* What to work on: Copy out exactly, and only, the lines from the one containing "Geaca lunga de piele" through the end of the entries. No pictures.

* Records supplied:
<<<<

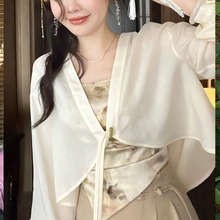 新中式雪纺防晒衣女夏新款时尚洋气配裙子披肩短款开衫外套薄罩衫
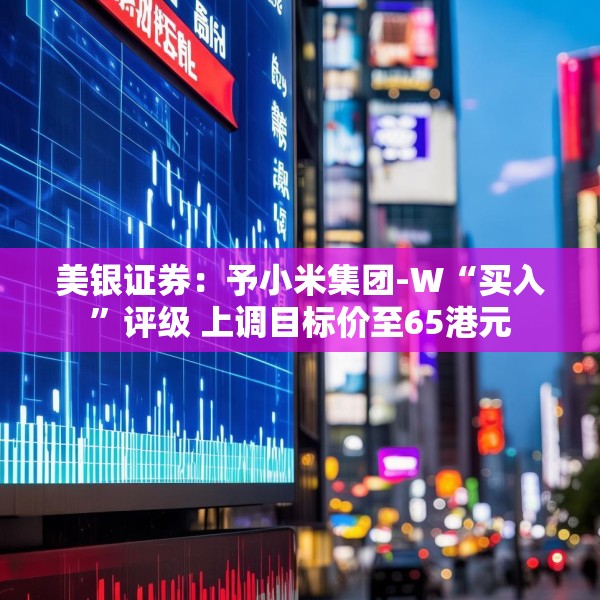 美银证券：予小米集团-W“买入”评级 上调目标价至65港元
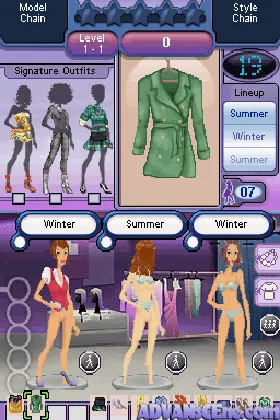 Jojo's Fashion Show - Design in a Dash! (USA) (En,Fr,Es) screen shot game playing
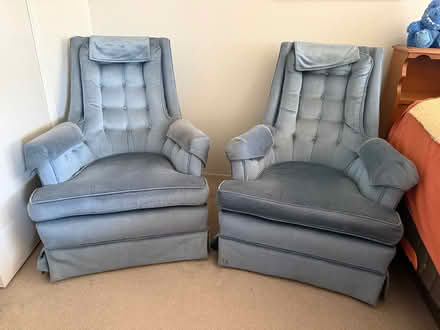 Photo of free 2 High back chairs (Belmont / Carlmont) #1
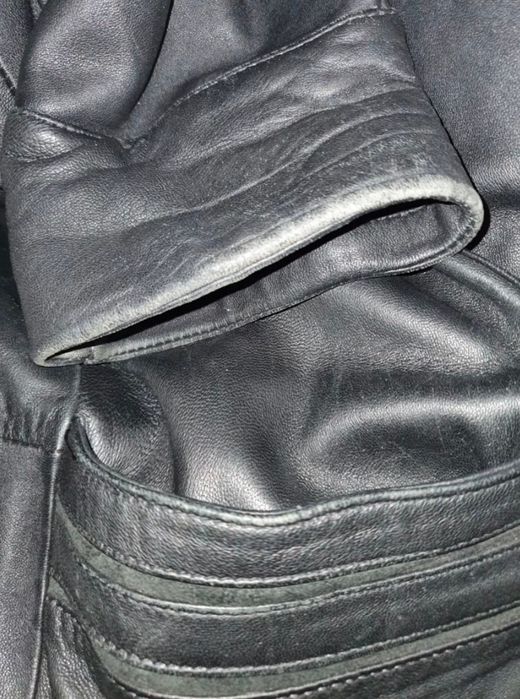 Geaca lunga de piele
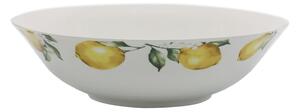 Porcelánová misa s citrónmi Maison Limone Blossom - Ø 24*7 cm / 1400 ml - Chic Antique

>>>>

* Result below:
 Geaca lunga de piele
 Porcelánová misa s citrónmi Maison Limone Blossom - Ø 24*7 cm / 1400 ml - Chic Antique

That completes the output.